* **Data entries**
○ ○ ○ ○ ○
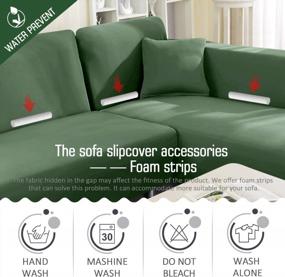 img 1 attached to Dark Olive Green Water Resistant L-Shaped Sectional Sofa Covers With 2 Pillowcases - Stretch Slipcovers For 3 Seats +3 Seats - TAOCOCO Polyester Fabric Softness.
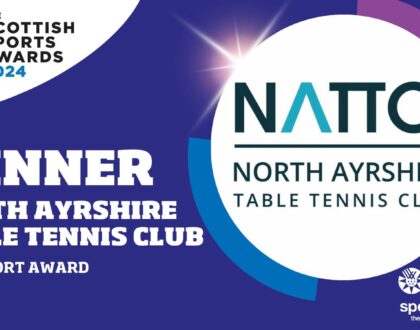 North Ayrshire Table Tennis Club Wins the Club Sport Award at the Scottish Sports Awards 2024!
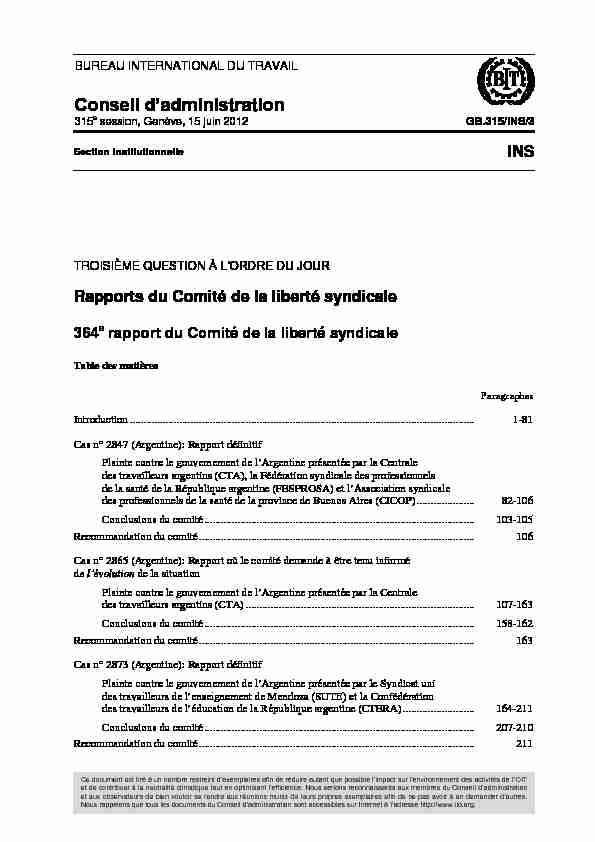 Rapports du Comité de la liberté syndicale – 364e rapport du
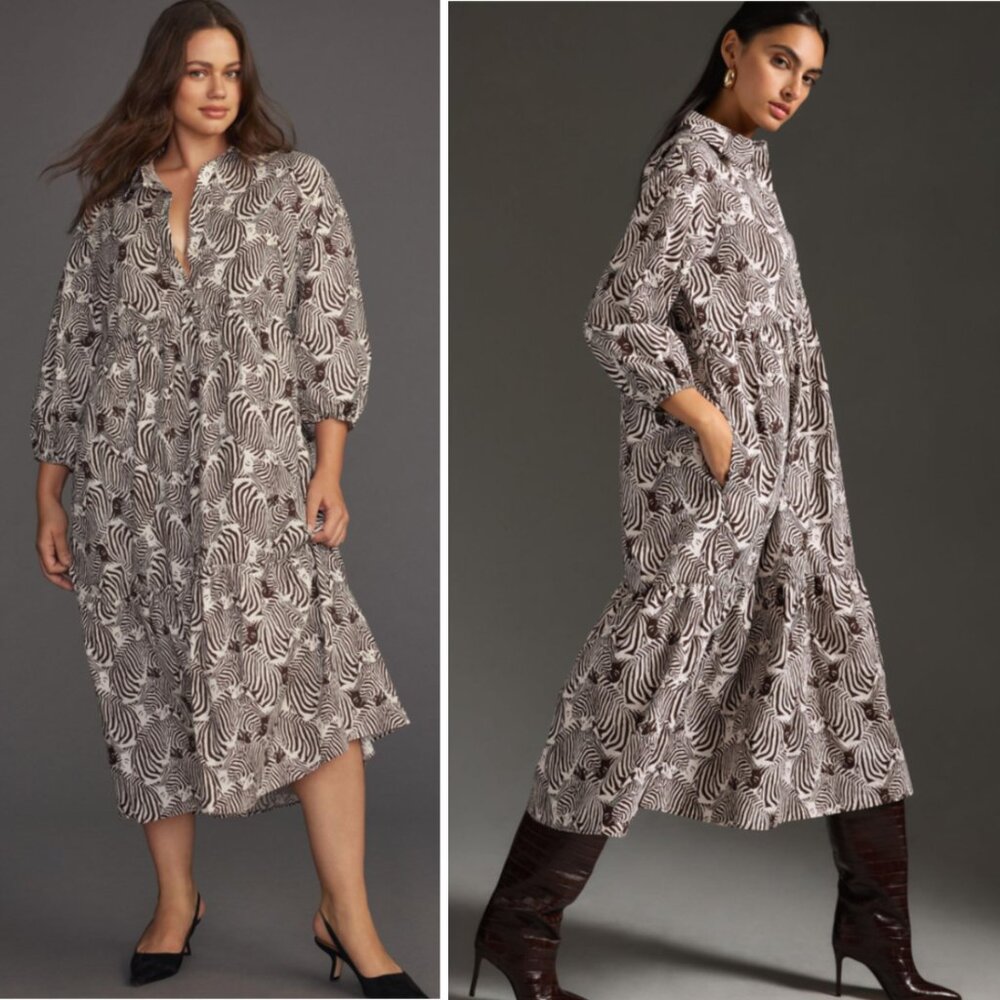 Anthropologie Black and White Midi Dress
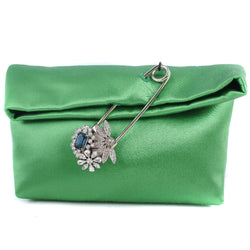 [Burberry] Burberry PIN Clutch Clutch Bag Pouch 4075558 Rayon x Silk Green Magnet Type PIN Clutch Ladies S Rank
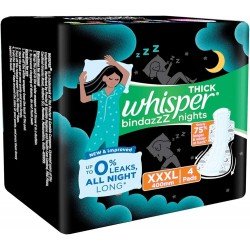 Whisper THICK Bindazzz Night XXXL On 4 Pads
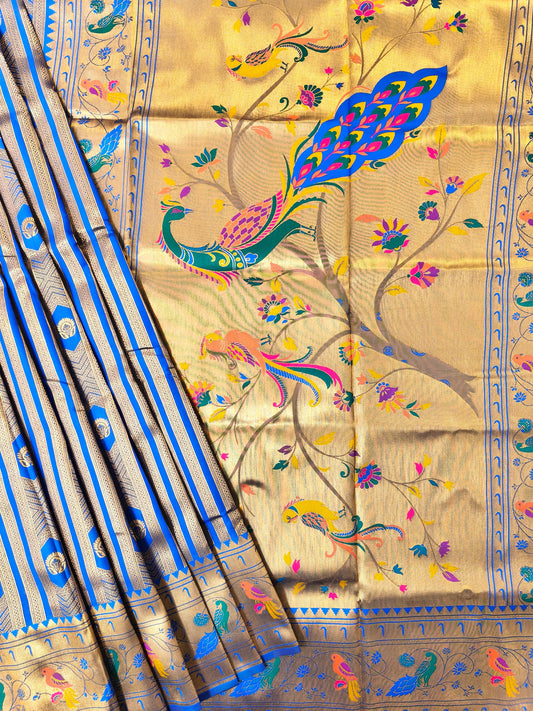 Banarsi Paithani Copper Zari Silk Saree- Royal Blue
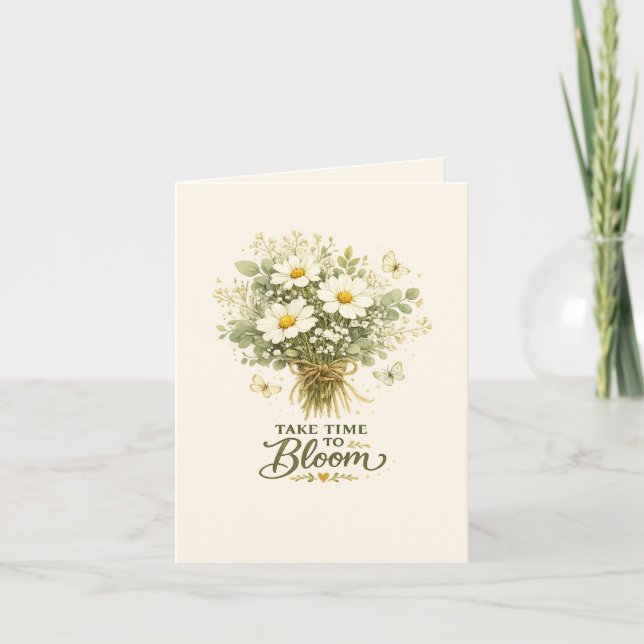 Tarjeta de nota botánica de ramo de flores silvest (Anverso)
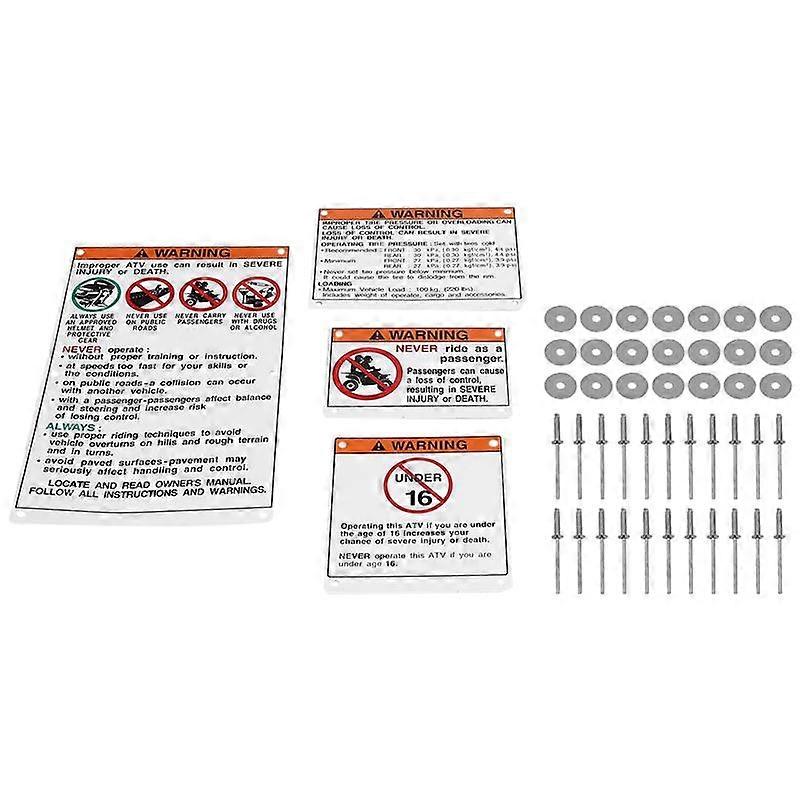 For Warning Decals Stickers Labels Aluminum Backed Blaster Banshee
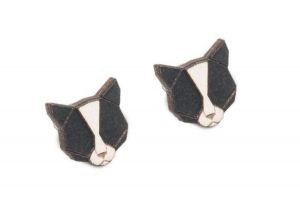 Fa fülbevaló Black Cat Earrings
○ ○ ○ ○ ○
* **INSTRUCTIONS FOR THE TASK**
In the copy, include no pictures; otherwise transcribe the entries exactly.

* **TASK SOLUTION**
 img 1 attached to Dark Olive Green Water Resistant L-Shaped Sectional Sofa Covers With 2 Pillowcases - Stretch Slipcovers For 3 Seats +3 Seats - TAOCOCO Polyester Fabric Softness.
 North Ayrshire Table Tennis Club Wins the Club Sport Award at the Scottish Sports Awards 2024!
 Rapports du Comité de la liberté syndicale – 364e rapport du
 Anthropologie Black and White Midi Dress
 [Burberry] Burberry PIN Clutch Clutch Bag Pouch 4075558 Rayon x Silk Green Magnet Type PIN Clutch Ladies S Rank
 Whisper THICK Bindazzz Night XXXL On 4 Pads
 Banarsi Paithani Copper Zari Silk Saree- Royal Blue
 Tarjeta de nota botánica de ramo de flores silvest (Anverso)
 For Warning Decals Stickers Labels Aluminum Backed Blaster Banshee
 Fa fülbevaló Black Cat Earrings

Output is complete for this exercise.